- Task description:
The records below need to be copied in full. Match them exactly.
*** Task data ***
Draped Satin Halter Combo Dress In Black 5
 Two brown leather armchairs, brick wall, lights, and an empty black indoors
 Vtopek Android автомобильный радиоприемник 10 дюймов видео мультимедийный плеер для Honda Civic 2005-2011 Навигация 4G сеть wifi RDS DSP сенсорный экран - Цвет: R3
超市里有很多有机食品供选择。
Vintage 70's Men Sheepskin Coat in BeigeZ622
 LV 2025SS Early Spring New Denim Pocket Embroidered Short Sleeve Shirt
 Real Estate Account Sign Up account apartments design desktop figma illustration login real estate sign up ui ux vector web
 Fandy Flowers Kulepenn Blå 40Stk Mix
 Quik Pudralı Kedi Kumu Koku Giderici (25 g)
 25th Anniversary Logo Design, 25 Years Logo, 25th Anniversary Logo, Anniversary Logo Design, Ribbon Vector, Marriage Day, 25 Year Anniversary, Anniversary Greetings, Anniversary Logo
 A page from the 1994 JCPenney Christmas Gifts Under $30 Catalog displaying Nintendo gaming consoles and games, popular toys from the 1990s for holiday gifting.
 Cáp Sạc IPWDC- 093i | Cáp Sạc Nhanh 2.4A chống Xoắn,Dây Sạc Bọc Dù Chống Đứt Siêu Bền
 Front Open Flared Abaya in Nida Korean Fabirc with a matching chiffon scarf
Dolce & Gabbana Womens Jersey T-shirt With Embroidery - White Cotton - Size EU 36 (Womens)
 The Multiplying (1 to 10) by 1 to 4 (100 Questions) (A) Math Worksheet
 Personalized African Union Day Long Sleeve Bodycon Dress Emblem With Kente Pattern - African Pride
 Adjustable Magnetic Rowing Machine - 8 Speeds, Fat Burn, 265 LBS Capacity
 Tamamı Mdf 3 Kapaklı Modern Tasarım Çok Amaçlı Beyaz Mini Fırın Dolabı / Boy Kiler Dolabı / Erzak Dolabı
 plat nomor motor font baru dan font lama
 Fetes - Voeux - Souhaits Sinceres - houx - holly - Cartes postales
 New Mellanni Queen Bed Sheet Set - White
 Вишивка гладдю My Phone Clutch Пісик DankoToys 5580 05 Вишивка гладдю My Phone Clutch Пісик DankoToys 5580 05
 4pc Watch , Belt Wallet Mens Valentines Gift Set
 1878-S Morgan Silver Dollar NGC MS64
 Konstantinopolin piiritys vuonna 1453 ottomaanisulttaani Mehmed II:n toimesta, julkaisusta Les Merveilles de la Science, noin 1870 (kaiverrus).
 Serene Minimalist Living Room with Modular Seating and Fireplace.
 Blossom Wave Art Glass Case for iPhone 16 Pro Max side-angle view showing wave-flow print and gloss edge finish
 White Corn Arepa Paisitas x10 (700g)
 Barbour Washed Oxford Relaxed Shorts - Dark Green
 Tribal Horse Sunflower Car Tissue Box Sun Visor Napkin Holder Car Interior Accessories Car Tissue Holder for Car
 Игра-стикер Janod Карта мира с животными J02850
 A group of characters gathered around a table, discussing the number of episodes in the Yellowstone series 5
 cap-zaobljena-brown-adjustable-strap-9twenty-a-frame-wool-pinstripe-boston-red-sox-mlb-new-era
*** End of Task data ***
- Exercise output:
Draped Satin Halter Combo Dress In Black 5
 Two brown leather armchairs, brick wall, lights, and an empty black indoors
 Vtopek Android автомобильный радиоприемник 10 дюймов видео мультимедийный плеер для Honda Civic 2005-2011 Навигация 4G сеть wifi RDS DSP сенсорный экран - Цвет: R3
超市里有很多有机食品供选择。
Vintage 70's Men Sheepskin Coat in BeigeZ622
 LV 2025SS Early Spring New Denim Pocket Embroidered Short Sleeve Shirt
 Real Estate Account Sign Up account apartments design desktop figma illustration login real estate sign up ui ux vector web
 Fandy Flowers Kulepenn Blå 40Stk Mix
 Quik Pudralı Kedi Kumu Koku Giderici (25 g)
 25th Anniversary Logo Design, 25 Years Logo, 25th Anniversary Logo, Anniversary Logo Design, Ribbon Vector, Marriage Day, 25 Year Anniversary, Anniversary Greetings, Anniversary Logo
 A page from the 1994 JCPenney Christmas Gifts Under $30 Catalog displaying Nintendo gaming consoles and games, popular toys from the 1990s for holiday gifting.
 Cáp Sạc IPWDC- 093i | Cáp Sạc Nhanh 2.4A chống Xoắn,Dây Sạc Bọc Dù Chống Đứt Siêu Bền
 Front Open Flared Abaya in Nida Korean Fabirc with a matching chiffon scarf
Dolce & Gabbana Womens Jersey T-shirt With Embroidery - White Cotton - Size EU 36 (Womens)
 The Multiplying (1 to 10) by 1 to 4 (100 Questions) (A) Math Worksheet
 Personalized African Union Day Long Sleeve Bodycon Dress Emblem With Kente Pattern - African Pride
 Adjustable Magnetic Rowing Machine - 8 Speeds, Fat Burn, 265 LBS Capacity
 Tamamı Mdf 3 Kapaklı Modern Tasarım Çok Amaçlı Beyaz Mini Fırın Dolabı / Boy Kiler Dolabı / Erzak Dolabı
 plat nomor motor font baru dan font lama
 Fetes - Voeux - Souhaits Sinceres - houx - holly - Cartes postales
 New Mellanni Queen Bed Sheet Set - White
 Вишивка гладдю My Phone Clutch Пісик DankoToys 5580 05 Вишивка гладдю My Phone Clutch Пісик DankoToys 5580 05
 4pc Watch , Belt Wallet Mens Valentines Gift Set
 1878-S Morgan Silver Dollar NGC MS64
 Konstantinopolin piiritys vuonna 1453 ottomaanisulttaani Mehmed II:n toimesta, julkaisusta Les Merveilles de la Science, noin 1870 (kaiverrus).
 Serene Minimalist Living Room with Modular Seating and Fireplace.
 Blossom Wave Art Glass Case for iPhone 16 Pro Max side-angle view showing wave-flow print and gloss edge finish
 White Corn Arepa Paisitas x10 (700g)
 Barbour Washed Oxford Relaxed Shorts - Dark Green
 Tribal Horse Sunflower Car Tissue Box Sun Visor Napkin Holder Car Interior Accessories Car Tissue Holder for Car
 Игра-стикер Janod Карта мира с животными J02850
 A group of characters gathered around a table, discussing the number of episodes in the Yellowstone series 5
 cap-zaobljena-brown-adjustable-strap-9twenty-a-frame-wool-pinstripe-boston-red-sox-mlb-new-era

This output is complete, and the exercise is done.